1991); State, Dep't of Soc. Servs. v. Cummings, 515 N.W.2d 680, 684
(Neb. App. 1994).  We therefore conclude that Parker had sufficient
minimum contacts with Alaska. 
          Once minimum contacts are established, we must then
decide whether the exercise of personal jurisdiction comports with
traditional notions of fair play and substantial justice. See
American Nat'l Bank & Trust Co. v.
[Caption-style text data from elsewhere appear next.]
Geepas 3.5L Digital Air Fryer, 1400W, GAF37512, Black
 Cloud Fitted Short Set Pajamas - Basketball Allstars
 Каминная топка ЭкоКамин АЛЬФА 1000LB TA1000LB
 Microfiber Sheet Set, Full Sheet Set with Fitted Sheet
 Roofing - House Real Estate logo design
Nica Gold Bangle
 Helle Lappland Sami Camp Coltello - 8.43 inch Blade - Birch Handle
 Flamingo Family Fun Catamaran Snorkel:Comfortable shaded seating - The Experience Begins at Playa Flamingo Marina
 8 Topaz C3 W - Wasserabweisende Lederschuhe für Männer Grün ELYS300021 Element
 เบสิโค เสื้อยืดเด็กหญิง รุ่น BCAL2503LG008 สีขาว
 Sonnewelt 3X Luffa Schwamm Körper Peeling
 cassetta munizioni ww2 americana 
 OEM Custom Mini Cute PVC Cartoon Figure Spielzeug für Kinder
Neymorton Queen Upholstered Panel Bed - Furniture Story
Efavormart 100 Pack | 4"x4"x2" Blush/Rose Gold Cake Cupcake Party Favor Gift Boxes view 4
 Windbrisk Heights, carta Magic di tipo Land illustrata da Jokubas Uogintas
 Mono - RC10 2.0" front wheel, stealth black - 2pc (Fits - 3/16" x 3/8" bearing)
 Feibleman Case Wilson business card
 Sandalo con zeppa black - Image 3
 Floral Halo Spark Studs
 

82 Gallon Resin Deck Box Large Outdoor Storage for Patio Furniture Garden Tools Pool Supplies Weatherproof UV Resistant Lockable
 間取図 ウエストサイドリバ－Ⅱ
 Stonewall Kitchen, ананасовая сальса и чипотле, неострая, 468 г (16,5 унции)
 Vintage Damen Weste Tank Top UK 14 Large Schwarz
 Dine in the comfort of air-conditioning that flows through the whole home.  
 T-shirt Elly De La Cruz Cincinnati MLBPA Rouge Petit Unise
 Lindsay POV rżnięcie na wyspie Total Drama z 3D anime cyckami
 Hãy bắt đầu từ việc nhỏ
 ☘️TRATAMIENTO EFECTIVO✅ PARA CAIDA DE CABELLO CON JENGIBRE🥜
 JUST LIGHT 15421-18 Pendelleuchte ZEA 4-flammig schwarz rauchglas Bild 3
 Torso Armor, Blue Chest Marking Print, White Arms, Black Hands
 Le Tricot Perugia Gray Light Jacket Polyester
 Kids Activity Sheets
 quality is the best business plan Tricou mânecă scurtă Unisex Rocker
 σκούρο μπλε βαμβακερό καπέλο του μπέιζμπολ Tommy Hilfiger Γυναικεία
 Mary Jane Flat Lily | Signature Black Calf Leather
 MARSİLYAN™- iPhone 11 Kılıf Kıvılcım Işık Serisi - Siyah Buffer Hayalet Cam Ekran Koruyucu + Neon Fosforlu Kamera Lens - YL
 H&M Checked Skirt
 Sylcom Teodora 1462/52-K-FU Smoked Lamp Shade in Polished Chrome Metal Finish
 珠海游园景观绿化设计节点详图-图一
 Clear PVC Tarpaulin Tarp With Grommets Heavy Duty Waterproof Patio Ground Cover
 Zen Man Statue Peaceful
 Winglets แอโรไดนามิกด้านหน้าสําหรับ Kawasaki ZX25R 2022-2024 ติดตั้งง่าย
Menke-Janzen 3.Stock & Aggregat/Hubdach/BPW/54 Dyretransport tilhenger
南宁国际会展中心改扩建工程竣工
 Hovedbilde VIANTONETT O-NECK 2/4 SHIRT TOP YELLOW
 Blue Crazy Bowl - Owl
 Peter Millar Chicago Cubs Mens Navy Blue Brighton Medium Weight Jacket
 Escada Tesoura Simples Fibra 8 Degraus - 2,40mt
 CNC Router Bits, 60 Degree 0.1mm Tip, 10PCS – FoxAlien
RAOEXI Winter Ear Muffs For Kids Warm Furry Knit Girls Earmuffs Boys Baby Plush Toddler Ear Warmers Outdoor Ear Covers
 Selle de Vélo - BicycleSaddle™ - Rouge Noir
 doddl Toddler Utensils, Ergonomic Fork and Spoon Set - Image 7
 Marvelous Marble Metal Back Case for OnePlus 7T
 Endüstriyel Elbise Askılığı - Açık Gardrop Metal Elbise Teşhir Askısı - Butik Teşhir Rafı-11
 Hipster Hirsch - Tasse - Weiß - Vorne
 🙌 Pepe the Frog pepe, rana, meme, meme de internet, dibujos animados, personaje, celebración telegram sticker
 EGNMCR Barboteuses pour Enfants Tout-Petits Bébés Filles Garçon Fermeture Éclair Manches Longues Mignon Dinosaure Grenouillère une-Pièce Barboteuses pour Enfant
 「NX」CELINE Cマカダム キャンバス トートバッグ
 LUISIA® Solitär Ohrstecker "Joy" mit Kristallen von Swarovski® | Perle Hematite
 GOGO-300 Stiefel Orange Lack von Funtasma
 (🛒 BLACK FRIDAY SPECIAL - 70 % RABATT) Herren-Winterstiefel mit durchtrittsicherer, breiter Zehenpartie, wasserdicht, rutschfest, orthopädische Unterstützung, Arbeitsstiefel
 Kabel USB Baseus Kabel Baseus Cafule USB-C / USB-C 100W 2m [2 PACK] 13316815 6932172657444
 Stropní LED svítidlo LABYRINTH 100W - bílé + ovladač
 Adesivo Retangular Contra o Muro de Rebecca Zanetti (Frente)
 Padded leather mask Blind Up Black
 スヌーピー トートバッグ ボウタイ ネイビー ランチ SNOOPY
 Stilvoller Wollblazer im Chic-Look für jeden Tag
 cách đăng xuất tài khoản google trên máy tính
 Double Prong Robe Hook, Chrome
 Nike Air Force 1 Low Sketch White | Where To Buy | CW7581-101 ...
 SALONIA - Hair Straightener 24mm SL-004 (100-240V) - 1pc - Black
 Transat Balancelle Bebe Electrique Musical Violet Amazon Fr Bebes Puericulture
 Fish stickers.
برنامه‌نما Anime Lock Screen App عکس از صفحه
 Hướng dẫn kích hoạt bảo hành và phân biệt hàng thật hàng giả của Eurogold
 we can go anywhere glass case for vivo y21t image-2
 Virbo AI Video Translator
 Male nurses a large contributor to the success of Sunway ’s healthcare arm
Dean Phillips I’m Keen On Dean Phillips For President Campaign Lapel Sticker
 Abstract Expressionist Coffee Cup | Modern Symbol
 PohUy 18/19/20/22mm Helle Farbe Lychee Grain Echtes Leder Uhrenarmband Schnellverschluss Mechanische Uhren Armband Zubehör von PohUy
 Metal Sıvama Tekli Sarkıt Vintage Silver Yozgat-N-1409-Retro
International Seafoods of
Alaska, Inc., 735 P.2d 747, 753 (Alaska 1987).  Because Parker
purposefully directed his activities at an Alaskan resident, he
must demonstrate "compelling circumstances which render Alaska's
exercise of jurisdiction . . . so unreasonable as to constitute a
denial of due process."  Id. at 754.  However, Parker failed to
demonstrate or argue any compelling interest against the exercise
of personal jurisdiction both in the trial court and on appeal.
[Fn. 3]
          We reject all of Parker's other arguments because they
are dependent on his incorrect assertion that insufficient minimum
contacts exist in this case.  The judgment is AFFIRMED.


Footnote 1:

     AS 09.05.105(c) provides:  "The jurisdictional grounds stated
in (a)(2) - (10) of this section are cumulative and in addition to
any other grounds provided by the common law."

Footnote 2:

     Parker argues that he is entitled to additional protection
under the state constitution because it should be construed to
afford him broader protection from suit than the federal
constitution.  We reject this and adhere to our view that the reach
of the long-arm statute is coextensive with the limits of due
process under the Fourteenth Amendment.  See Washington Ins. Guar.
Ass'n v. Ramsey, 922 P.2d 237, 240 (Alaska 1996); Alaska Telecom,
Inc. v. Schafer, 888 P.2d 1296, 1299 (Alaska 1995); Glover v.
Western Air Lines, Inc., 745 P.2d 1365, 1367 (Alaska 1987);
Volkswagenwerk, A.G. v. Klippan, GmbH, 611 P.2d 498, 500 (Alaska

Footnote 3:

     In his reply brief Parker raises for the first time the
argument that Alaska would be an inconvenient forum.  We reject
this assertion because Parker fails to show that defense of the
suit would be burdensome or that any witnesses or evidence are
located in California.  Cf. Volkswagenwerk, A.G., 611 P.2d at 502
(holding that although "[i]nconvenience to at least some parties"
would occur because "legal doctrine, documents, exhibits,
witnesses, and counsel"from Germany and Alaska would be involved,
exercise of personal jurisdiction would not violate due process). 
Further, the State has a fundamental interest as a matter of social
policy in requiring parents to support their children.  The child
was conceived in Alaska and resides in Alaska.  As the child's home
state, Alaska has an interest in protecting the child.